%%

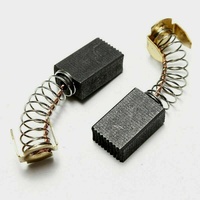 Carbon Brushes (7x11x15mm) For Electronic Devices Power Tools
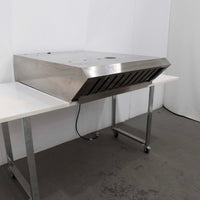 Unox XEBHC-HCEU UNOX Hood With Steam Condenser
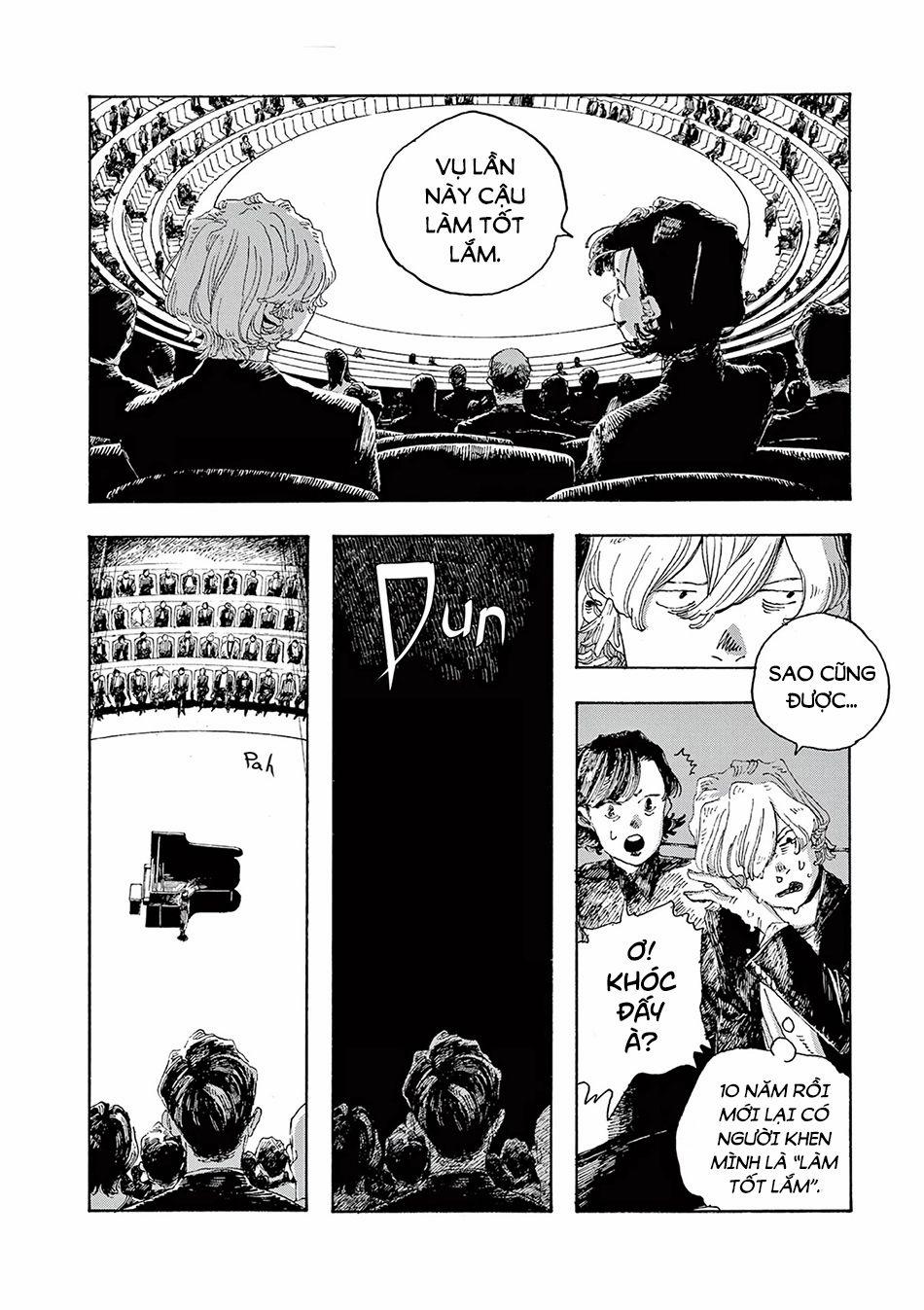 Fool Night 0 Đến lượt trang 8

%%

Copy the full listing above exactly, apart from the pictures.

 Carbon Brushes (7x11x15mm) For Electronic Devices Power Tools
 Unox XEBHC-HCEU UNOX Hood With Steam Condenser
 Fool Night 0 Đến lượt trang 8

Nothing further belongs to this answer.